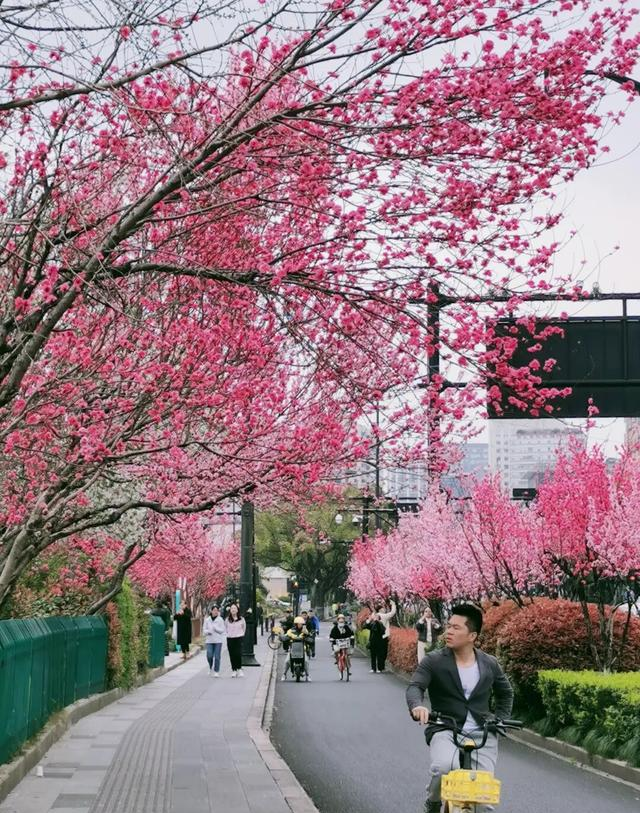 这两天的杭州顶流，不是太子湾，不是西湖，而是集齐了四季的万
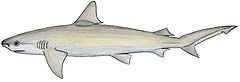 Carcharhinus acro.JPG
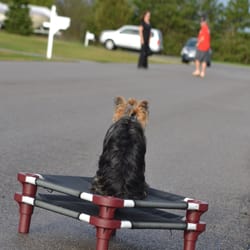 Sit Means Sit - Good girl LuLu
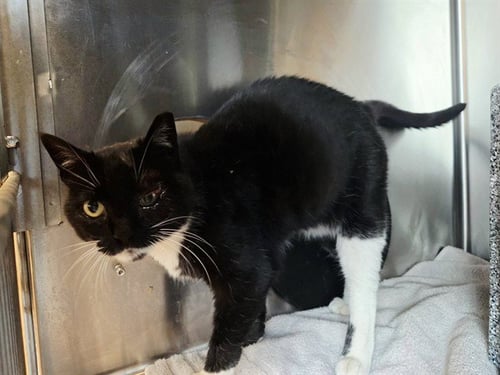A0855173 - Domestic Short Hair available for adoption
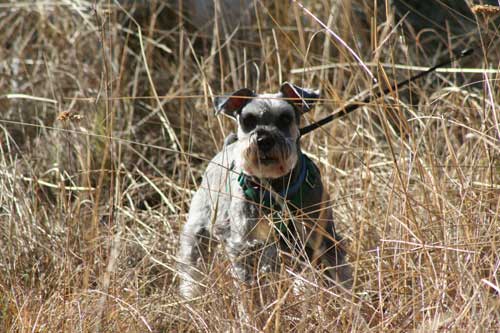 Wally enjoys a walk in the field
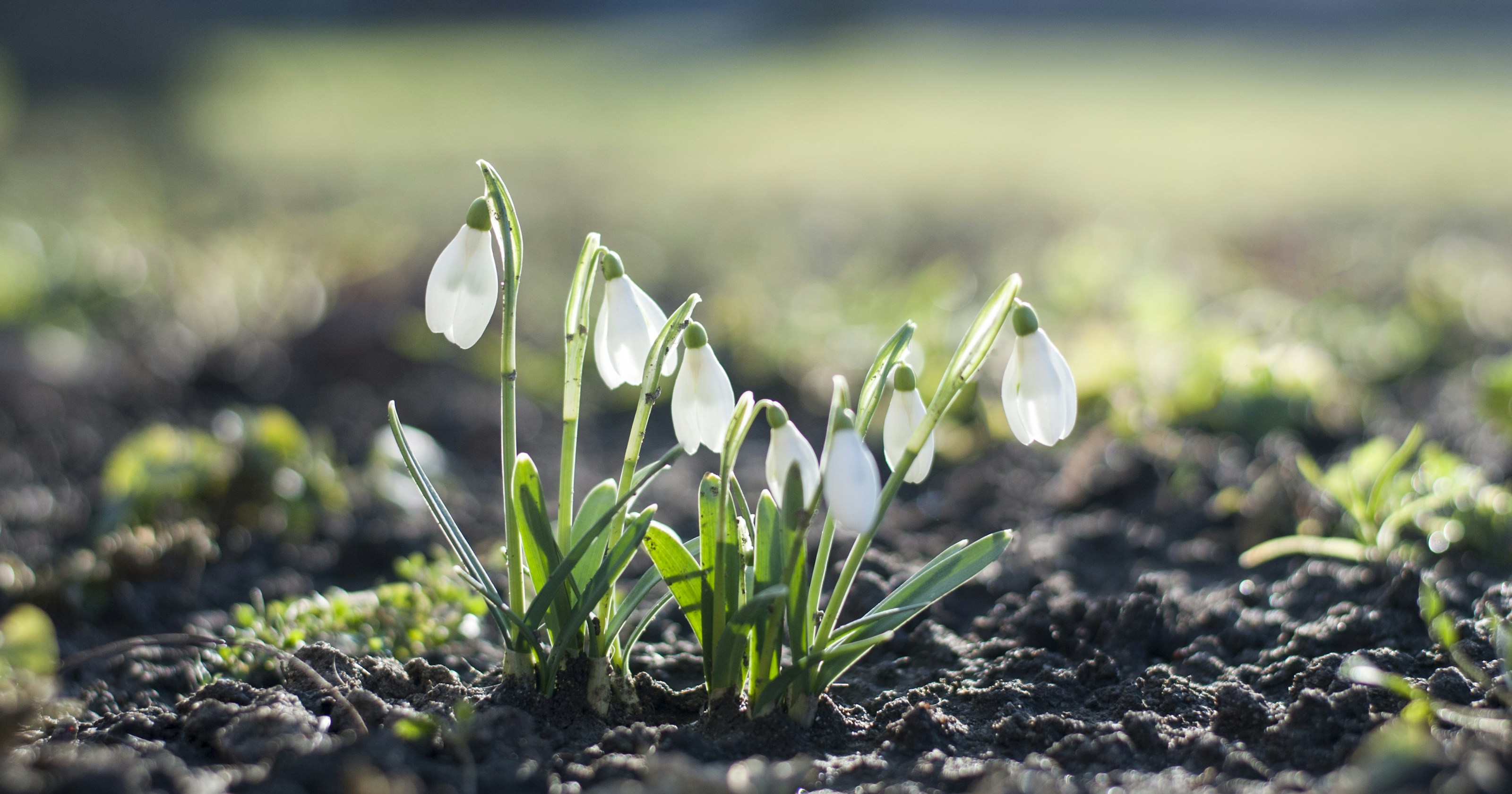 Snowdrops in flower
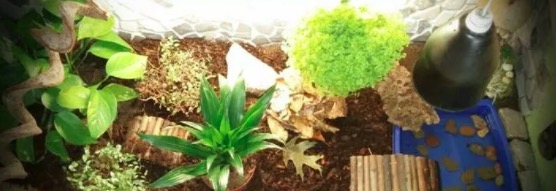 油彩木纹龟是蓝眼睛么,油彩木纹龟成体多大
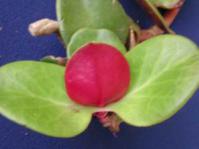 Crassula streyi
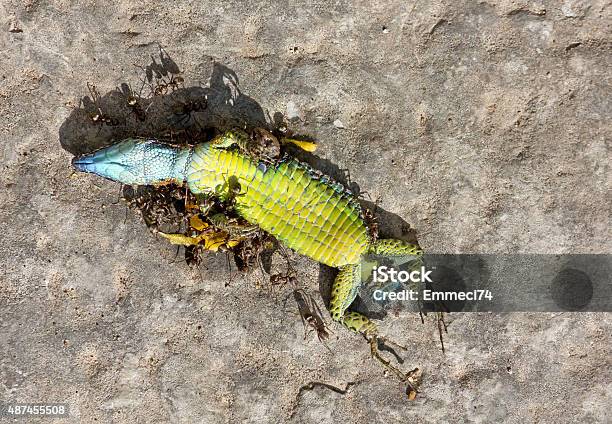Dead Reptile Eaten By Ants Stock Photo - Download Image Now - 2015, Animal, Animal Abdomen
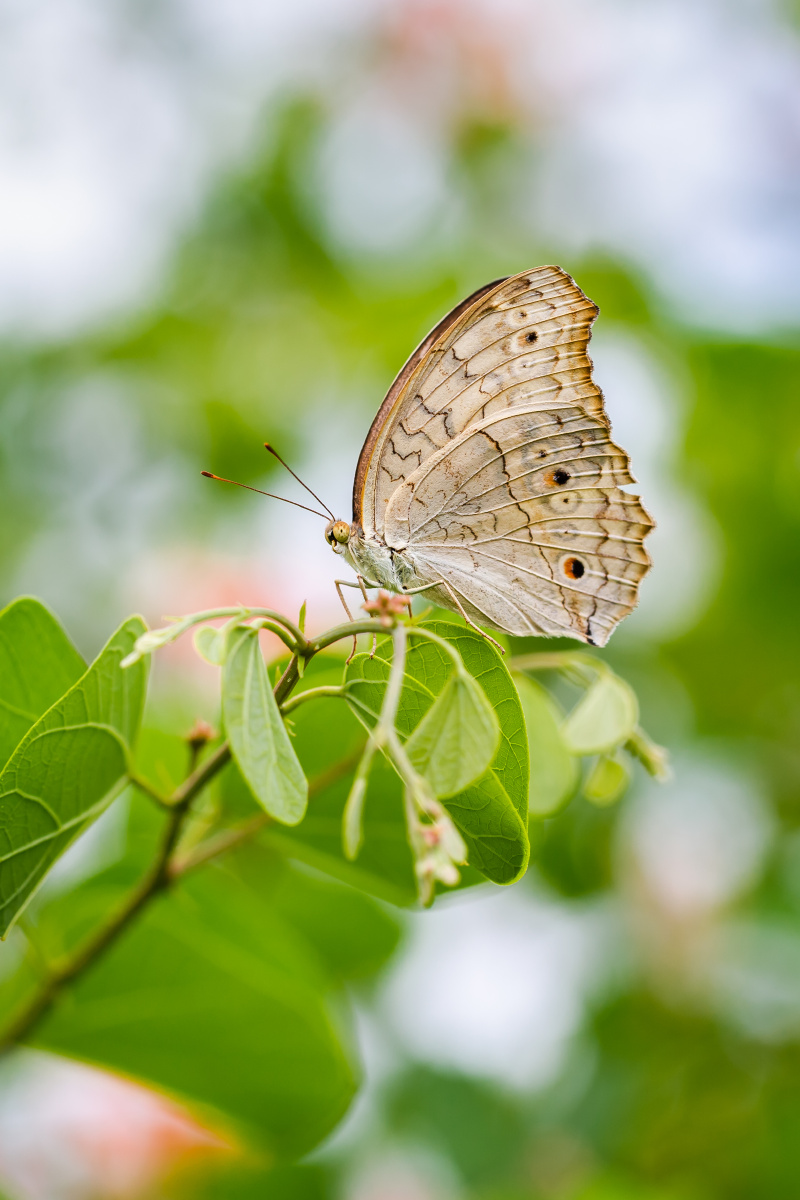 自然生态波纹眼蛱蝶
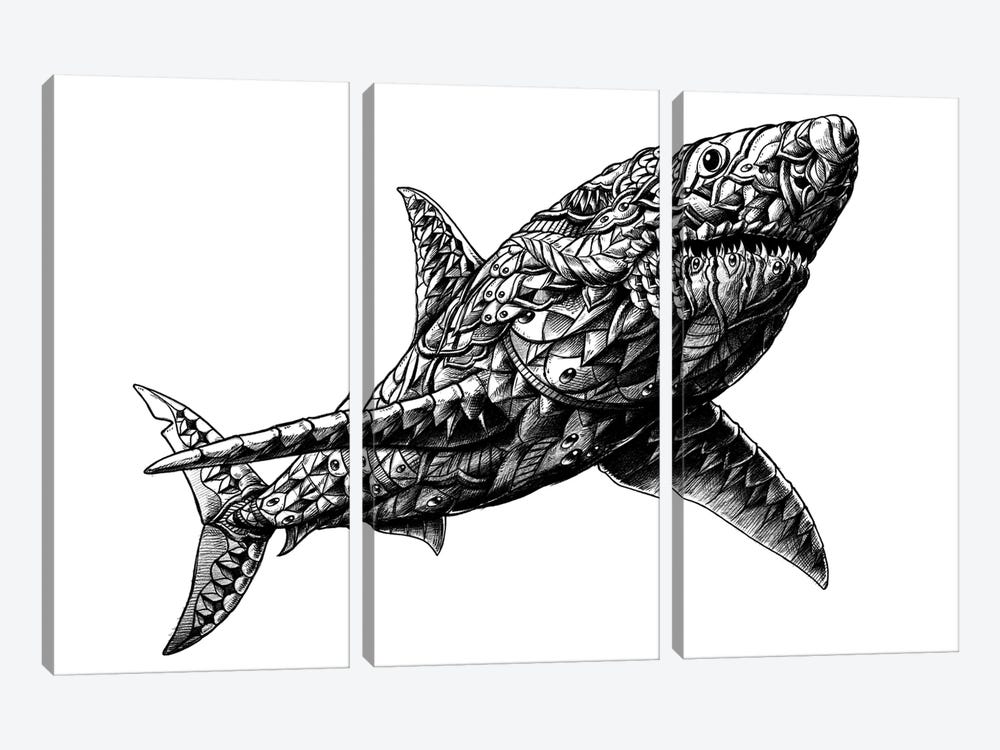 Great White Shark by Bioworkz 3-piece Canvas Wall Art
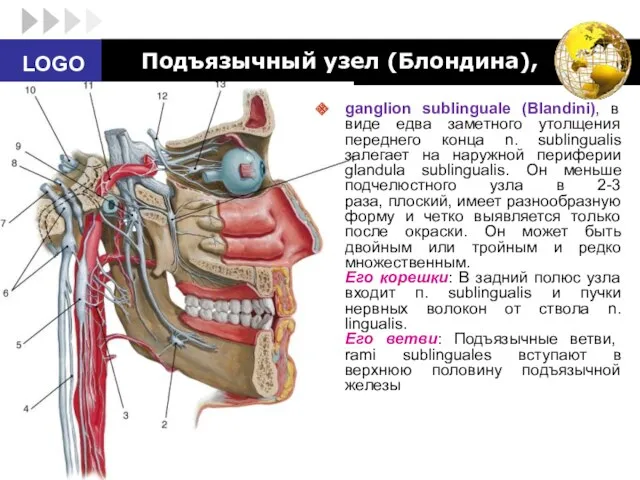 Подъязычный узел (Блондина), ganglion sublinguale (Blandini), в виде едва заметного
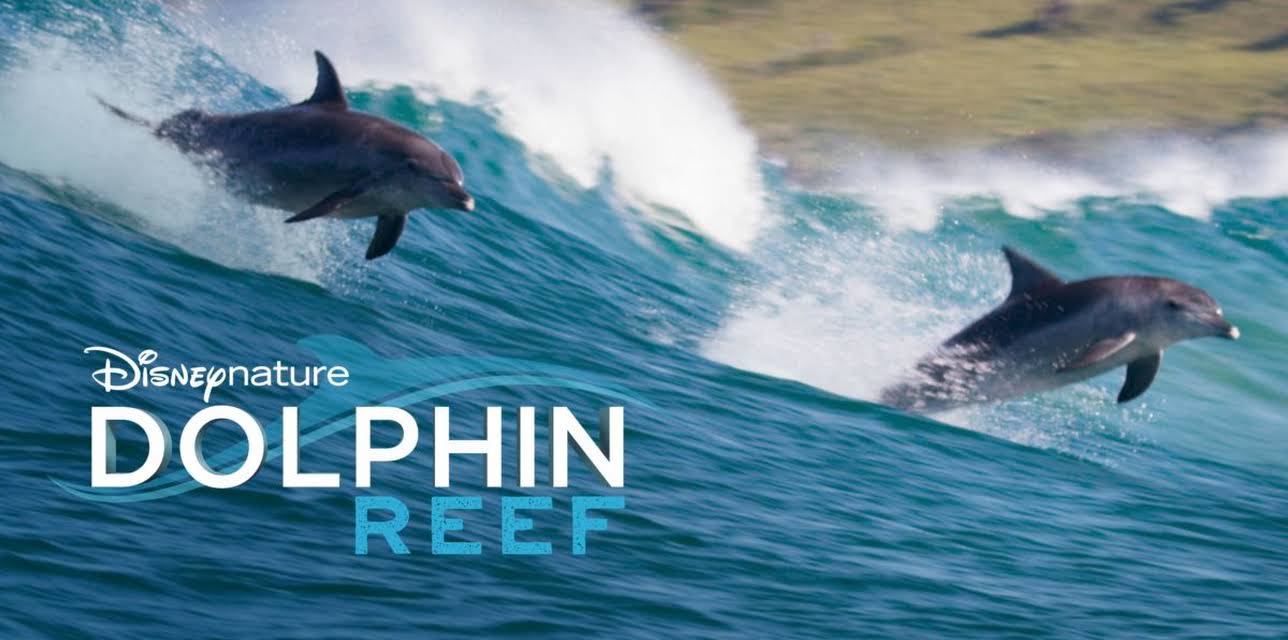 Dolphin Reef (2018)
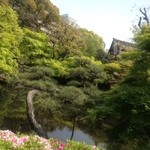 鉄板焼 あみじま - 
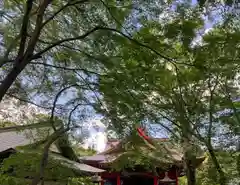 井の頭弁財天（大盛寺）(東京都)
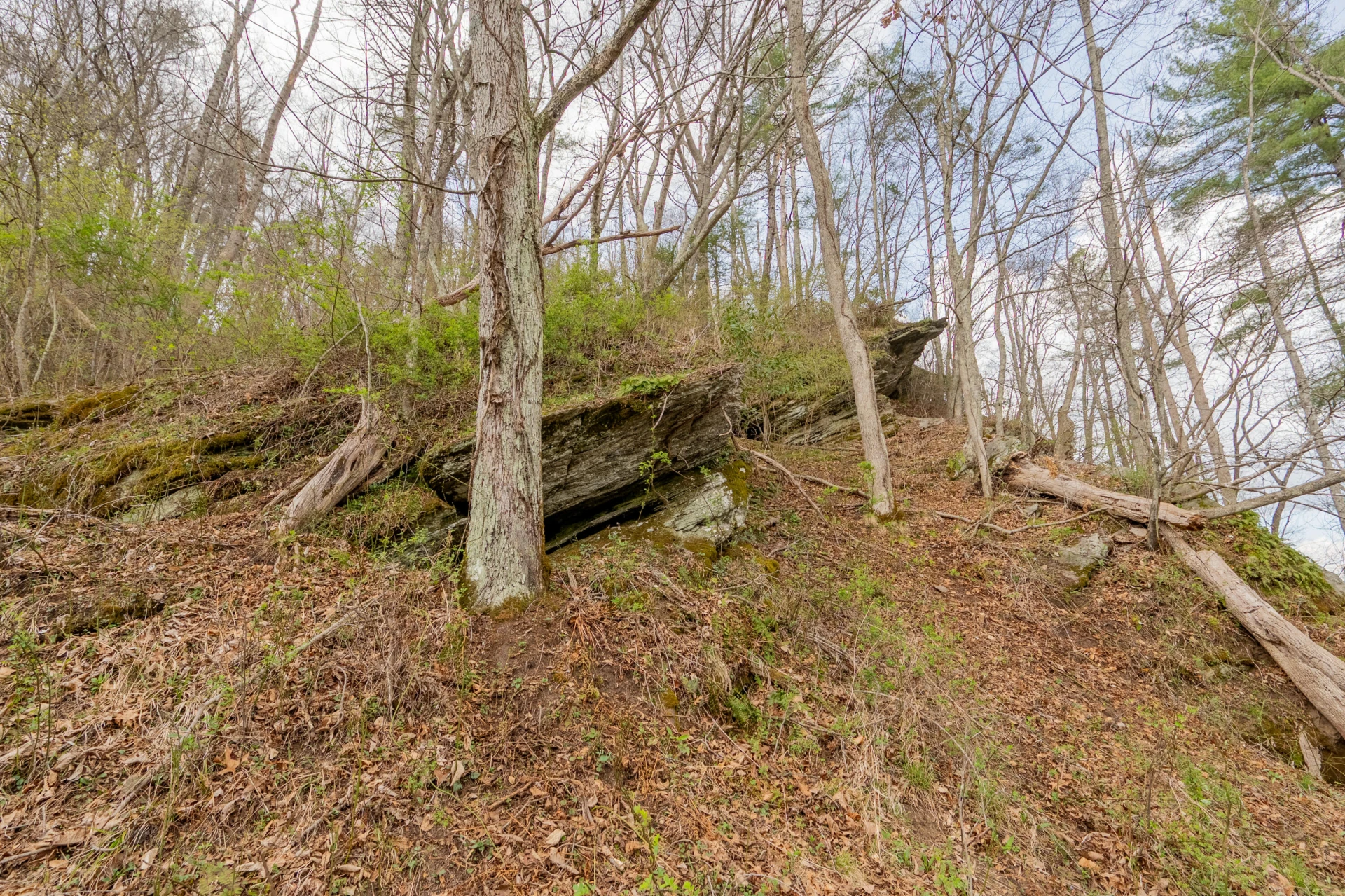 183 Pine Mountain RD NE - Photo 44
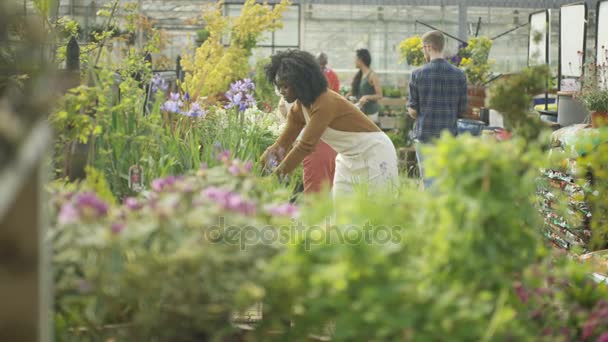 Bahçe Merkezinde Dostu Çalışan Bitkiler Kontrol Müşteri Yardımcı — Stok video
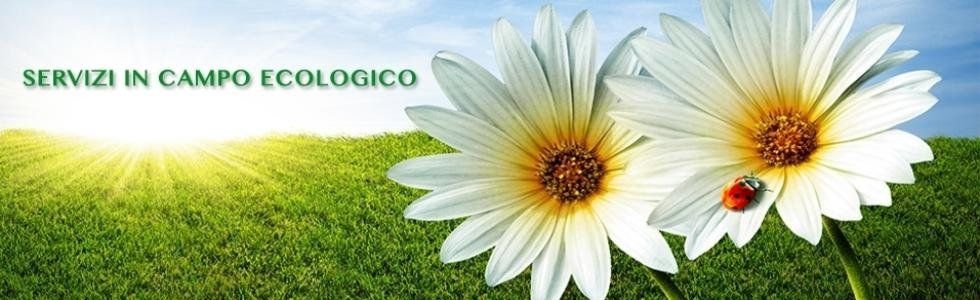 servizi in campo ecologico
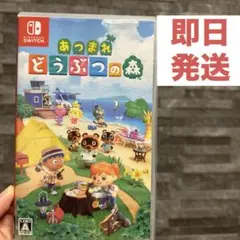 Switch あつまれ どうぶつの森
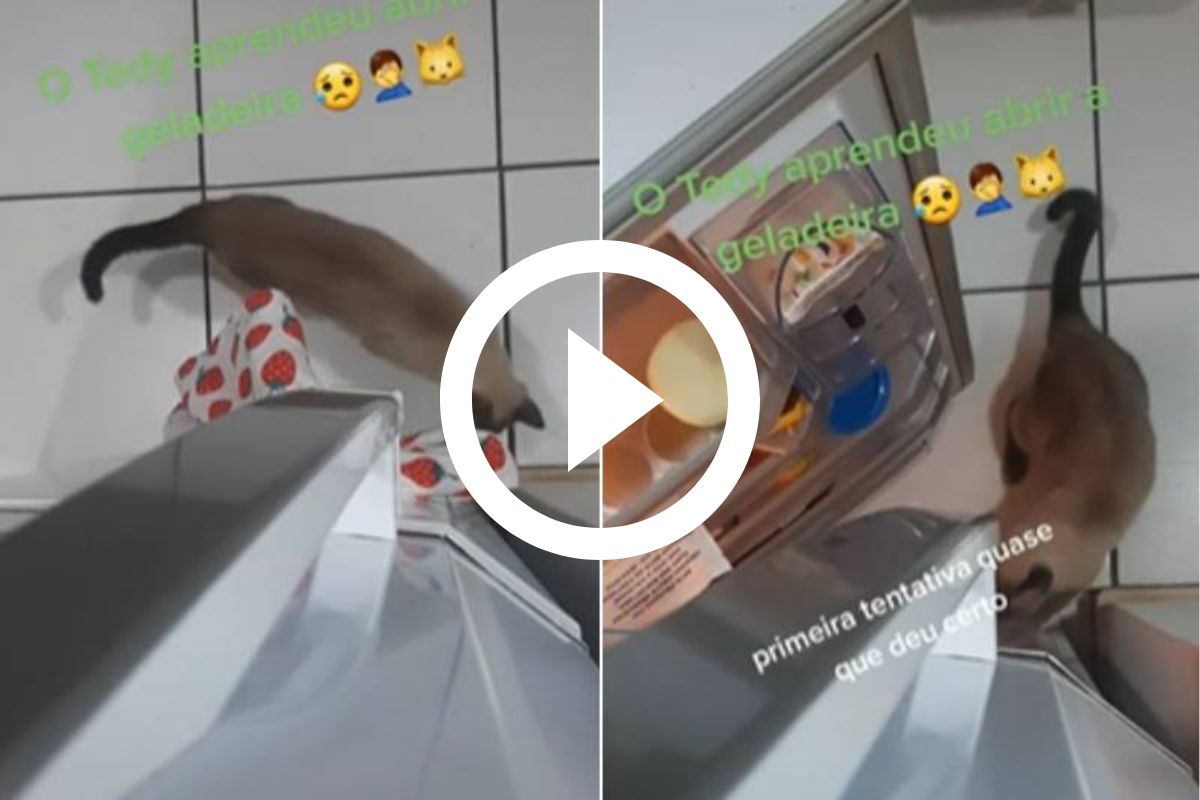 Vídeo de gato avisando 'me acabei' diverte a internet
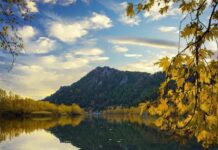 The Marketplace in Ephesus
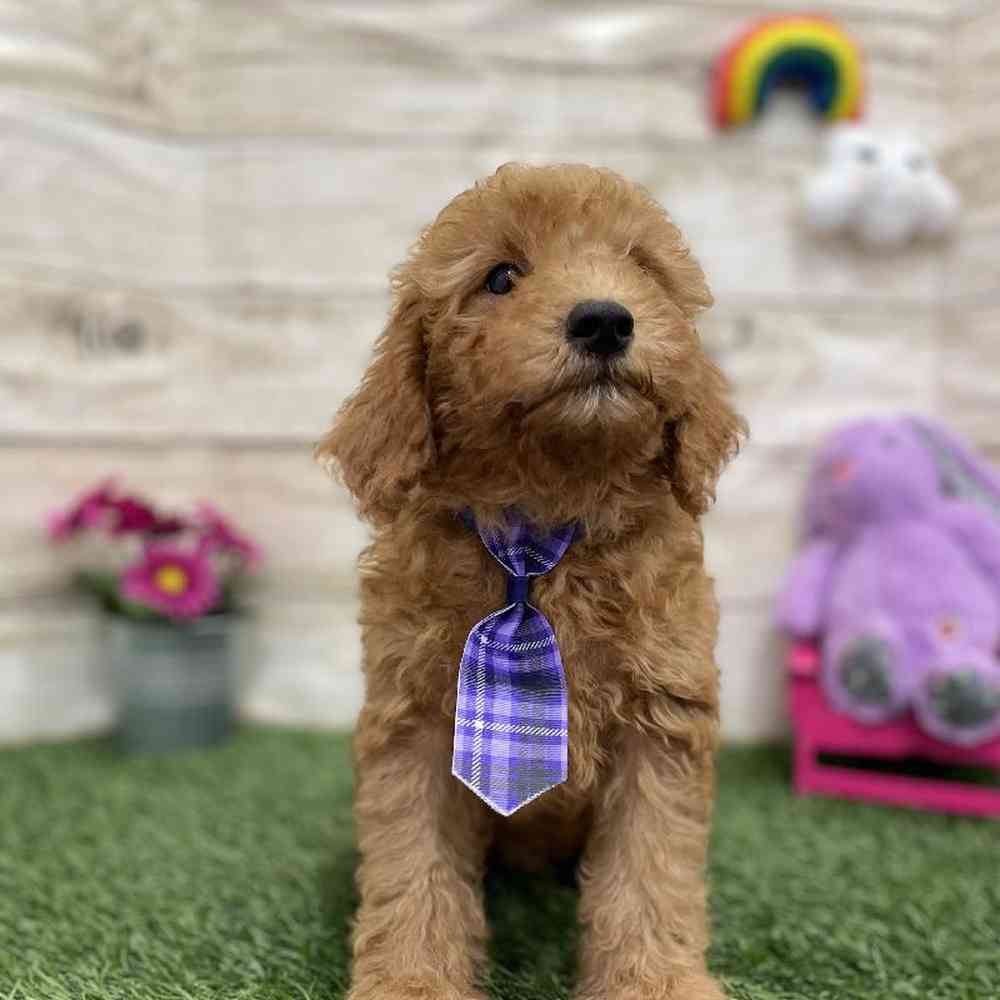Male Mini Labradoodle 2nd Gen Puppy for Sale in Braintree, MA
==========
* What the exercise asks: Nothing but the lines from the one with "Подъязычный узел (Блондина), ganglion" through the last line of the material above should appear in the answer, each copied exactly, with no pictures.

* Answer to the exercise:
 Подъязычный узел (Блондина), ganglion sublinguale (Blandini), в виде едва заметного
 Dolphin Reef (2018)
 鉄板焼 あみじま - 
 井の頭弁財天（大盛寺）(東京都)
 183 Pine Mountain RD NE - Photo 44
 Bahçe Merkezinde Dostu Çalışan Bitkiler Kontrol Müşteri Yardımcı — Stok video
 servizi in campo ecologico
 Switch あつまれ どうぶつの森
 Vídeo de gato avisando 'me acabei' diverte a internet
 The Marketplace in Ephesus
Male Mini Labradoodle 2nd Gen Puppy for Sale in Braintree, MA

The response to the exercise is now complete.